What you need to do:
Print only the lines running from the line with "Графины для воды с пожеланиями" to the final line below, both included, exactly as written and without the pictures.

Brief descriptive captions:
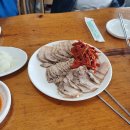 동해막국수 분점 이미지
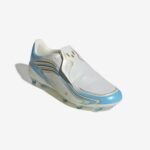 adidas Jr. F50 Messi Elite - Image 5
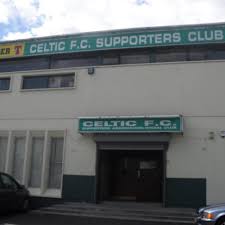 Image result for Greengairs & District Bowling Club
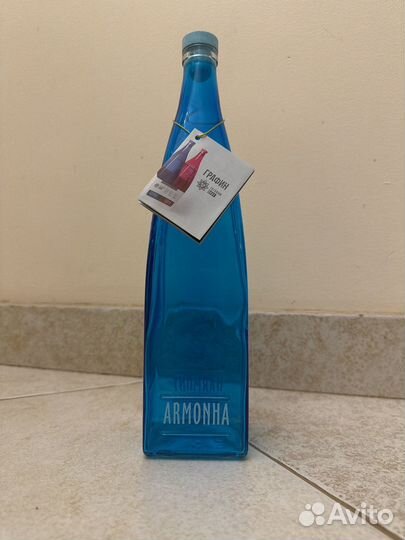 Графины для воды с пожеланиями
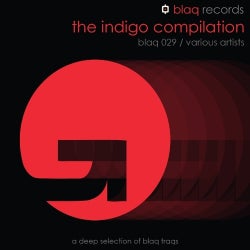 The Indigo Compilation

Answer to the problem:
 Графины для воды с пожеланиями
 The Indigo Compilation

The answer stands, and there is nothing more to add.